In humanitarian crisis situations the Commission's DG ECHO funds mine action as part of its overall support to the protection of civilians. Such assistance may be provided on the basis of identified needs and in line with the fundamental humanitarian principles. This may include funding for humanitarian demining, assistance to victims and mine risk education.
Through the EU Framework Programme for Research and Innovation the Commission provides funds for research and development with regard to methods and technologies for mine detection and clearance.
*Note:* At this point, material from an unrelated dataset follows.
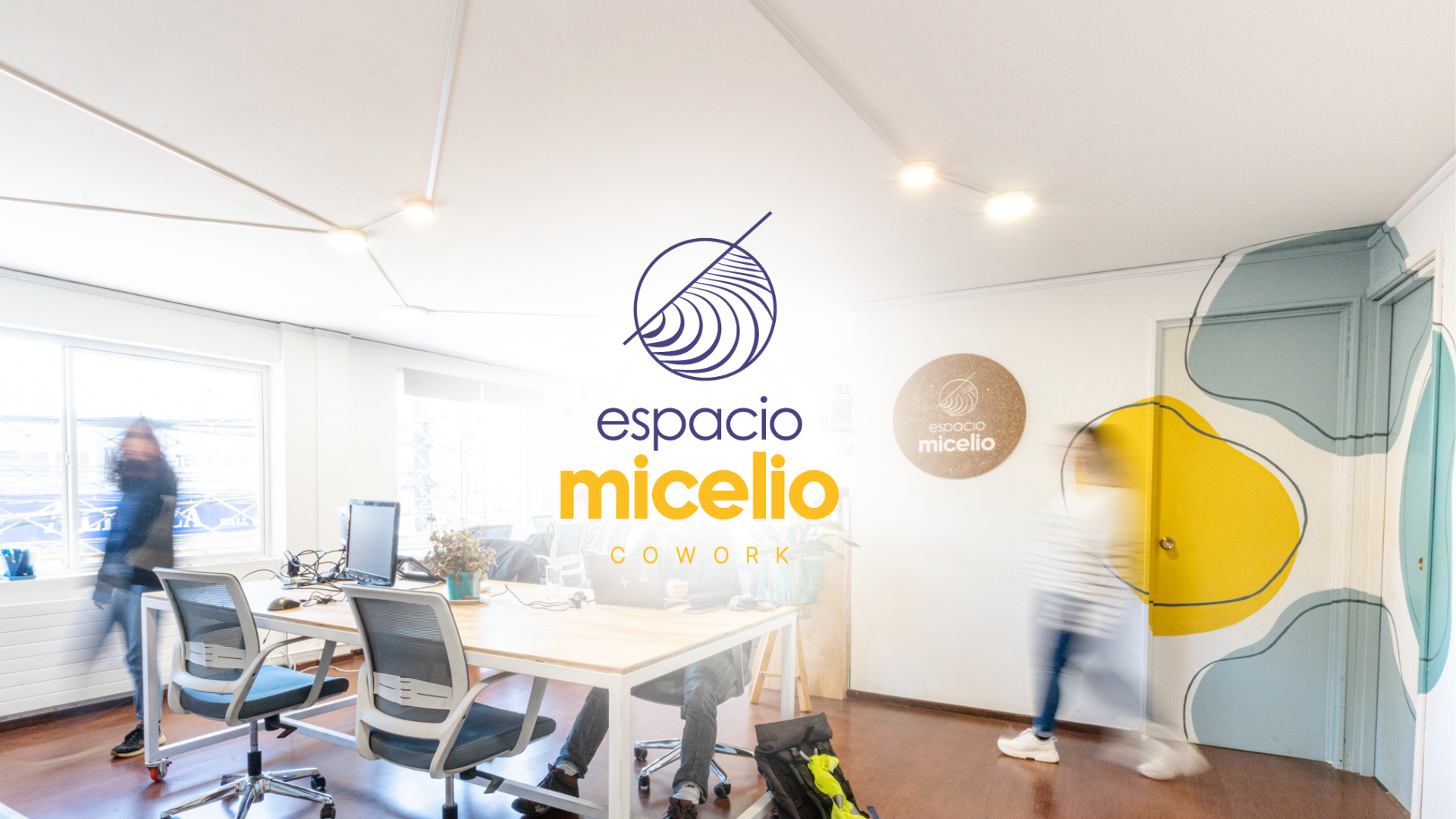 Logotipo-espacio-micelio-2.png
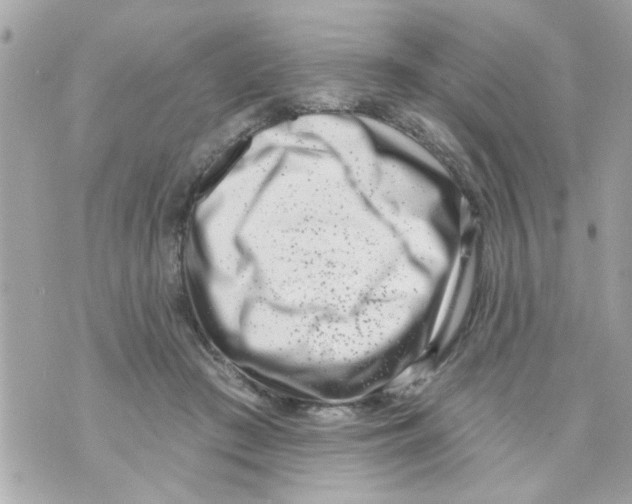 X0000069820409200606161920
Mine action is also funded within the EU through financial instruments such as the European Agricultural Fund for Rural Development (EAFRD) and European Territorial Cooperation (Interreg). For this assistance Croatia is the main recipient.
EU Delegations in mine-affected third countries have an important role in the planning and allocation of EU funding for mine action. They are in contact with the authorities and local stakeholders and are well placed to connect local mine action needs with the most suitable EU-funded instrument.
The Council of the EU adopts Decisions to support the implementation and the universalisation of the Ottawa Convention. They are financed from the EU budget for the Common Foreign and Security Policy (CFSP). The European External Action Service (EEAS) supports the High Representative in fulfilling her mandates including by preparing the EU's participation to multilateral meetings. The EEAS also sets up EU mine action interagency coordination meetings and compiles information about EU-funded mine action.
Many EU Member States also support mine action on a bilateral basis. In the period 2012-2016, EU Member States supported mine action with more than EUR 300 million according to the Organisation for Economic Cooperation and Development (OECD) and the Landmine and Cluster Munition Monitor.